# OMG! im having an affair!



## As'laDain (Nov 27, 2011)

i just realized that i am having an affair... 

this morning i was thinking about my behavior as of late, and i realized a few things...

im doing things with my affair partner that i never used to do for my wife... i write her love notes, i buy her things... i seek her affection...

i text her a lot. actually, now that i think about it, i am ALWAYS texting her. i have never done that with my wife. but here we are, constantly texting each other all day long. i guard my phone a lot because... well, the texts are pretty graphic. ok, i guess you could say its "sexting."

thinking about how much i think about her, i realize that i am definitely in the "fog". im stealing time away from home in order to be with her. she often meets me during lunch, and after work. i usually spend an hour or so with her before i even go home!

this girl is FAR more interesting than my wife was! and im ashamed to say, i treat her far better than i ever used to treat my wife... maybe thats why we get along so well?

we recently went on a date... it wasnt too long because i didnt want to be out to late, but we had the most amazing time. we went to a mirror maze and got lost a few times, then we played this lazer game where you have to crawl through these green lazers and try not to touch one, and press some buttons on the wall in sequence. i really enjoyed having fun with her... and i REALLY enjoyed watching her crawl through the lazers... especially from behind... 

later we played mini golf. she beat me pretty bad, but i didnt care, i was having so much fun! then we played some speed game where you have to run around hitting buttons. my wife could never do stuff like that, her fibromyalgia always prevented her from being able to run around and being active. 

so yeah, unusual absences from home, phone guarding, the "fog"...

it all started so innocently... just talking about our marriages... i complained about mine, she complained about hers. it was nice to finally have someone to listen. she thought so too... we both had the same problems!

im not sure how i am going to break it to my wife that i am having an affair with her. i hope she doesnt get too upset with me... 

...since my wife herself is the one i am having an affair with!


----------



## renee5555 (Mar 25, 2014)

Yeah this was a bizarre post.

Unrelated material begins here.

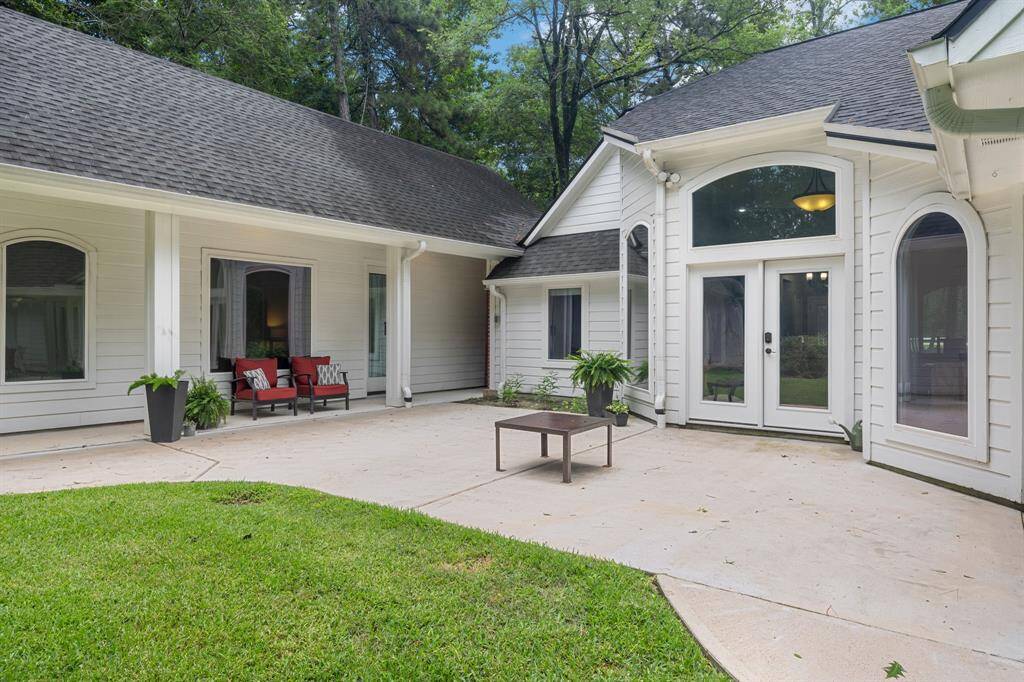 This photo showcases the spacious and inviting patio area. Guest House is ideal for rental, Airbnb, home office, MIL suite, home school, or hosting guests.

Thought it was fake until the last line. 

Nice



As'laDain said:


> i just realized that i am having an affair...
> 
> this morning i was thinking about my behavior as of late, and i realized a few things...
> 
> ...


_Posted via Mobile Device_


----------



## Deejo (May 20, 2008)

Very, very clever. And congrats.


----------



## F-102 (Sep 15, 2010)

For a minute, I thought that you were talking about your car!


----------



## Jellybeans (Mar 8, 2011)

I think this thread has been done before.


----------



## As'laDain (Nov 27, 2011)

Jellybeans said:


> I think this thread has been done before.

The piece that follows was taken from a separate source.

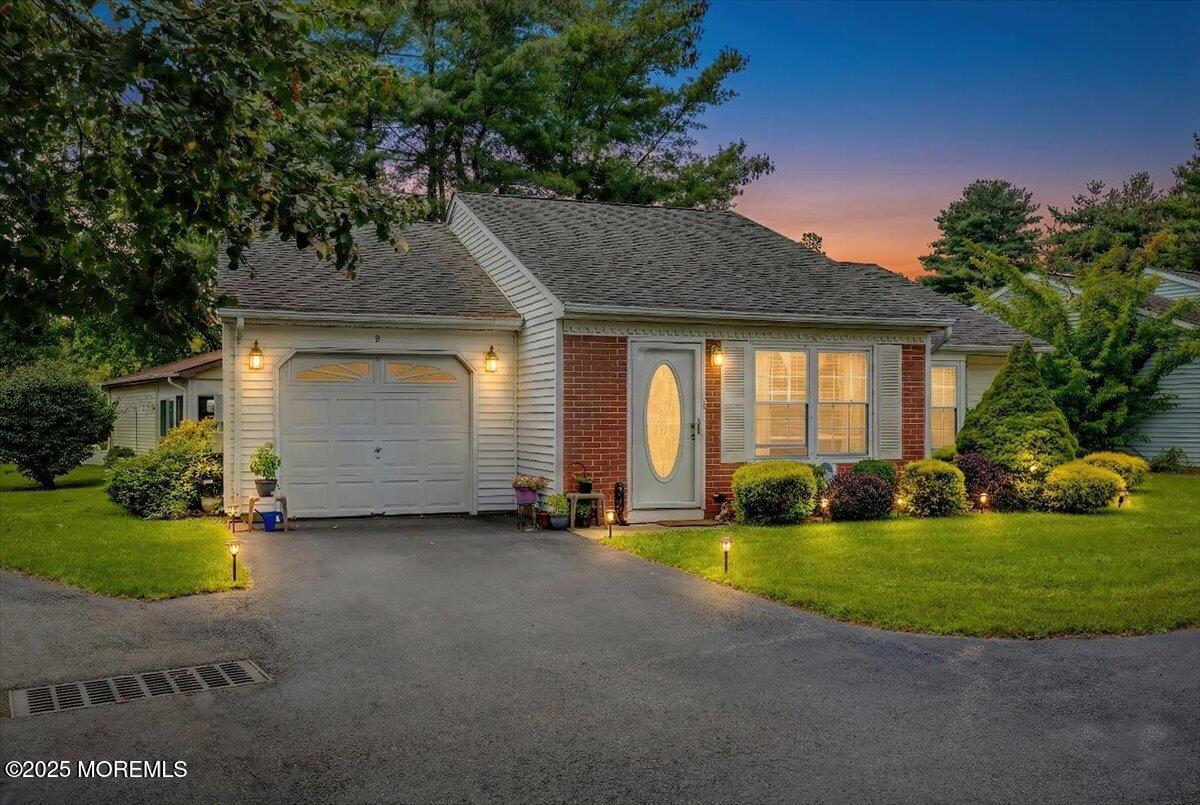 a view of a house with a yard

probably, but i was feeling comical this morning. 

i was talking with my wife this morning and... yeah, we act like it lol.

when i realized this morning how much we text each other... i have never been one to get into "sexting". never thought i would find that the least bit interesting. 

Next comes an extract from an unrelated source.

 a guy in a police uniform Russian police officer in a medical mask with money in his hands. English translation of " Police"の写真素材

its like we spend all day getting turned on for the night.


----------



## IrishGirlVA (Aug 27, 2012)

LOL -- as I was reading this I was making mental notes of all the things I was going to write back to you! hahaha 

Never thought I'd say this but -- ENJOY YOUR AFFAIR!


----------



## COguy (Dec 1, 2011)

I was convinced this was a troll post...

Your wife sounds like a real bore, good luck with your mistress.


----------



## Plan 9 from OS (Jul 13, 2012)

Jellybeans said:


> I think this thread has been done before.


----------



## Plan 9 from OS (Jul 13, 2012)

Hey AD, reconnecting with the wife is awesome. I had a similar situation happen to us and we took our marriage to the next level. How long has it been since you two committed to reconnecting? Also, was it something specific that you did that helped you jump start it?

For us, it was me deciding to improve my diet and to exercise more. Lost a fair amount of weight which affected me in a number of other positive ways in addition to feeling physically better. Just curious to hear if it is a similar issue for you two.


----------



## Stevenj (Mar 26, 2014)

As'laDain said:


> she beat me pretty bad, but i didnt care, i was having so much fun!


Nice to here you found some Sado-masochism in your relationship. Did she kick you between the legs?


----------



## 45188 (Sep 13, 2012)

You start off pissing me off, then make me laugh. I applaud you, sir.


----------



## ReformedHubby (Jan 9, 2013)

Nice! At first I was like this guy posted over 300 times just to troll. Then I thought maybe he is doing a suicide by mod bit. Very clever at the end.


----------



## happy as a clam (Jan 5, 2014)

COguy said:


> I was convinced this was a troll post...












Troll.... *NOT!!* Lol...


----------



## As'laDain (Nov 27, 2011)

Plan 9 from OS said:


> Hey AD, reconnecting with the wife is awesome. I had a similar situation happen to us and we took our marriage to the next level. How long has it been since you two committed to reconnecting? Also, was it something specific that you did that helped you jump start it?
> 
> For us, it was me deciding to improve my diet and to exercise more. Lost a fair amount of weight which affected me in a number of other positive ways in addition to feeling physically better. Just curious to hear if it is a similar issue for you two.


for us, it was complete honesty and a willingness to meet each others needs... and we started focusing on sex.

she finally told me what turned her on, and now we have sex all the time because she is turned on all the time.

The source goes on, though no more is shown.